Otro de los síntomas más relevantes de los niños que padecen autismo leve es la dificultad para relacionarse con los demás. A estos niños les resulta muy desagradable el contacto con los demás. Rehuyen besos, abrazos y caricias.

Rara vez inician una conversación y si se les obliga a participar en una, probablemente no dirán ni una sola palabra o comenzarán a hablar de otra cosa totalmente distinta y sin dirigirse a sus interlocutores.

Un rasgo más del autista leve es el comportamiento obsesivo. Por ejemplo puede comenzar a jugar con un juguete y desconectar de todo cuanto le rodea. Al intentar comunicar con él, no responderá en absoluto, ni verbalmente, ni con los gestos de su cuerpo.

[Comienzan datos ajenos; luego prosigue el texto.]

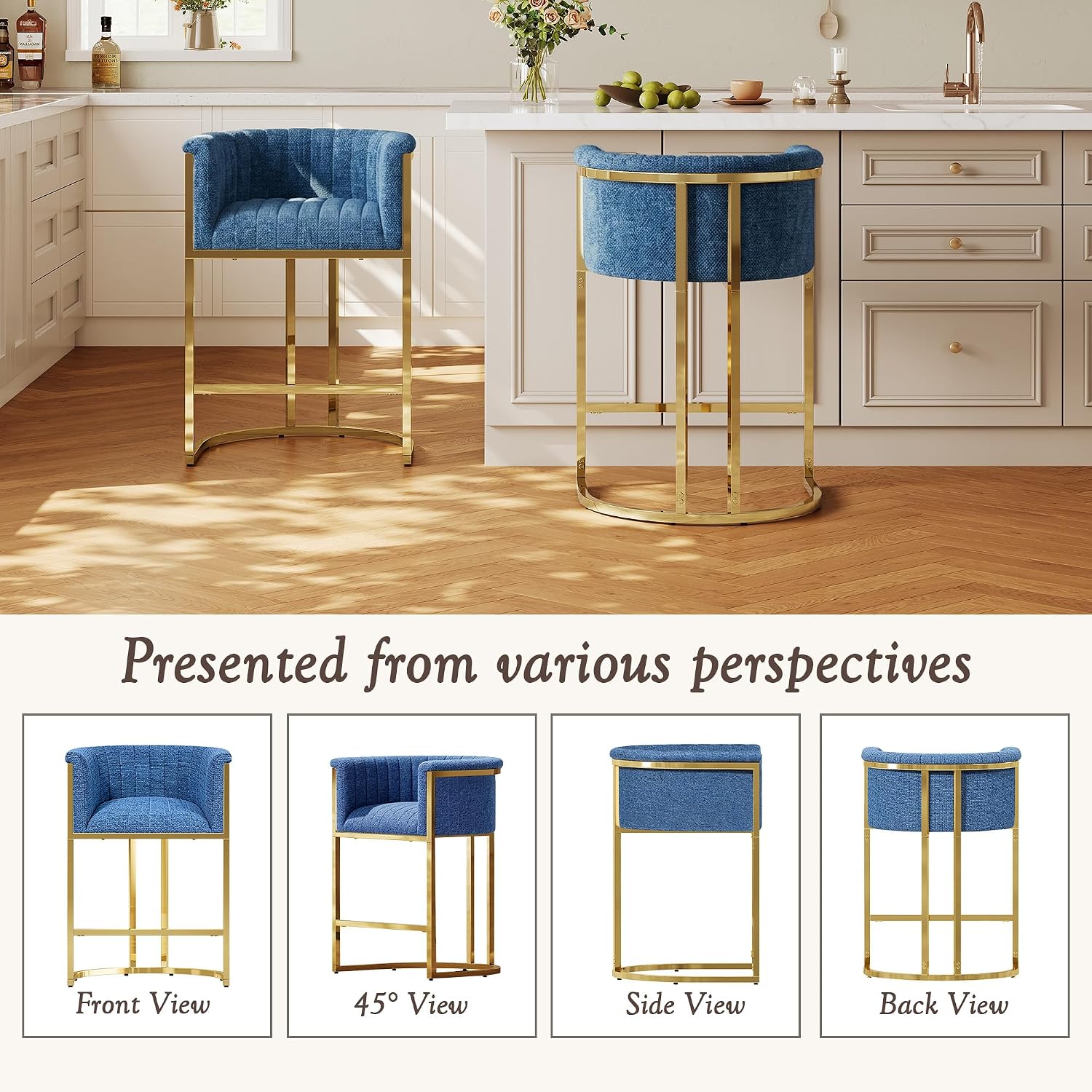 26" H Counter Height Bar Stools Set of 3, Modern Barrel Counter Stools with Backrest, Linen Upholstered Barstools for Kitchen Island, Gold Frame, Support 450 LBS (Blue)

Como ya hemos comentado al principio, hay que observar el comportamiento del niño con tranquilidad, sin pensar de antemano que un ligero síntoma ya es decisivo para considerarlo autista. Por ejemplo, si intentas mantener su mirada como harías con cualquier niño normal y el niño es incapaz de sostenerla, eso puede ser un síntoma de autismo leve, pero también puede serlo de que tiene hambre y sueño y no le apetece hacer eso en ese momento.

Tratamientos

Los especialistas recomiendan redirigir las incapacidades sociales y comunicativas del niño para que su cerebro salga progresivamente del autismo y opere con normalidad. Para redirigirlas hay que hacer que los niños practiquen con tiempo y paciencia todas las capacidades perdidas.

Por ejemplo, hay que acostumbrar al niño a hablar y para ello hay que hablarle e intentar que él hable también. Poco a poco, día a día, sin prisa pero sin pausa.

Se ha comprobado que el cuidado de mascotas es muy beneficioso como escalón para llegar a las relaciones con las personas. Una vez que el niño es capaz de relacionarse con una mascota, de cuidarla y de atenderla, estará mucho más cerca de relacionarse también con las personas.

En resumen, es muy importante detectar este trastorno a tiempo y contactar con un médico especialista para elegir el tratamiento adecuado.